Creamy Chicken Chili
4 from 1 ratings
As the weather is changing it seems that Chili is in the air.  While at the grocery store I picked up a package of 2 bone in chicken breast and had all of the other ingredients handy.   This was our lunch and we really enjoyed this creamy chicken chili which is a great paleo recipes and gluten free.  Enjoy For this recipe and other entertaining tips from Cindy's Table, click here.
  • 1 1/2 pound bone-in chicken breasts
  • 4 tablespoon olive oil (divided)
  • 1 teaspoon sea salt
  • 1/2 teaspoon freshly ground pepper
  • 1 small onion, chopped (about 1/2 cup)

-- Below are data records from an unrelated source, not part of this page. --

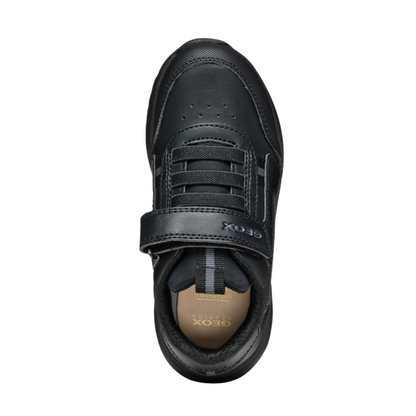 Geox J36GMA J Briezee Black  School Trainers EU33-39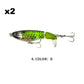 Topwater propellerstaart vislokmiddel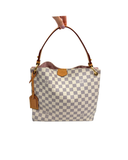 Sac à épaule Graceful en toile damier azur et cuir - Louis Vuitton
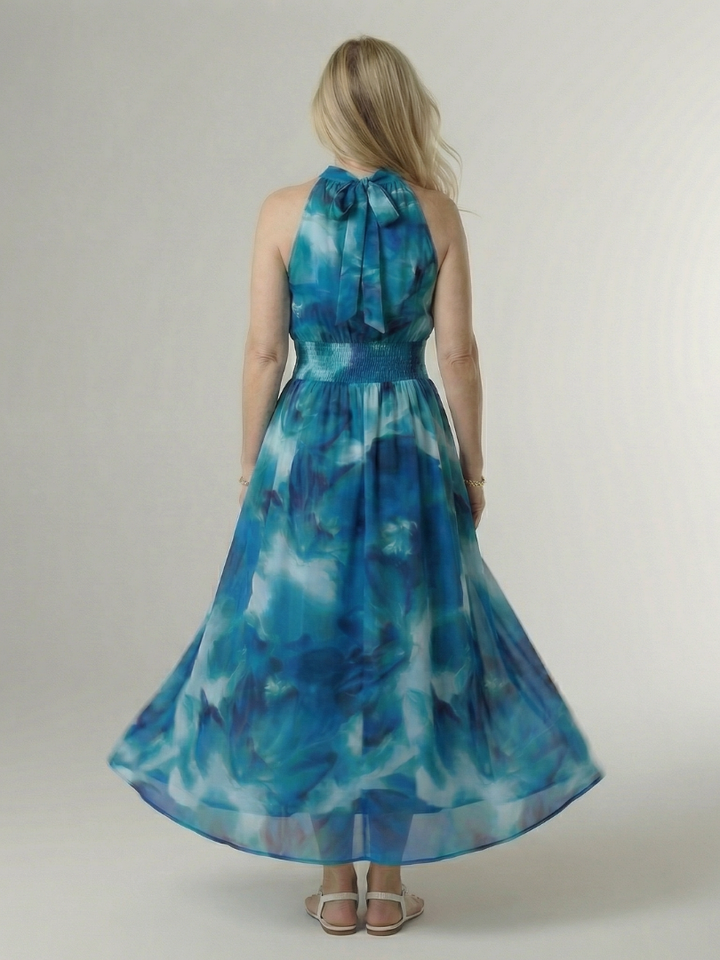 Martina | Robe midi halter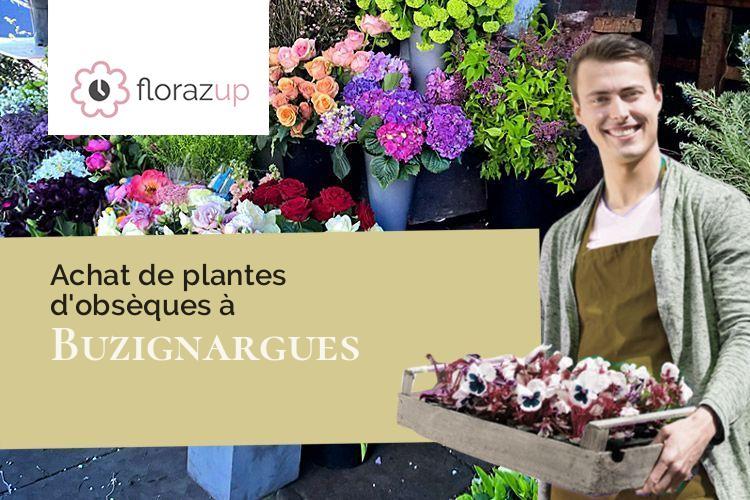 coeurs de fleurs pour une crémation à Buzignargues (Hérault/34160)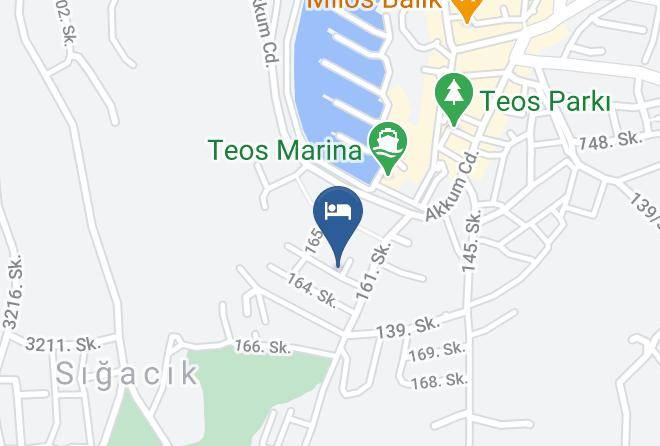 Seferihisar - Deniz Otel Sigacik Maps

  • 2 cloves garlic, minced
  • 1 teaspoon dried simply organic basil
  • 1 teaspoon dried simply organic oregano
  • 1 teaspoon dried simply organic parsley
  • 1/4 teaspoon simply organic red pepper flakes
  • 3/4 cup white mushrooms, chopped
  • 3 cup chicken broth
  • 1/4 can full fat canned coconut milk
  1. Directions
  2. Preheat oven to 350. Prepare a baking sheet lined with foil. (for easy clean up). Season chicken with 2 tablespoons olive oil, salt and pepper. Bake for 35 minutes. Let cool. In a large pot over medium heat add 2 tablespoons oil then add onion and garlic and saute for 5 minutes. Stir in basil, oregano, parsley, pepper flakes and mushrooms. Continue to saute for 5 minutes. Add chicken stock. Bring to a low boil, cover and reduce heat to simmer. Break apart chicken and add to pot. Add in coconut milk, cover for 10 minutes.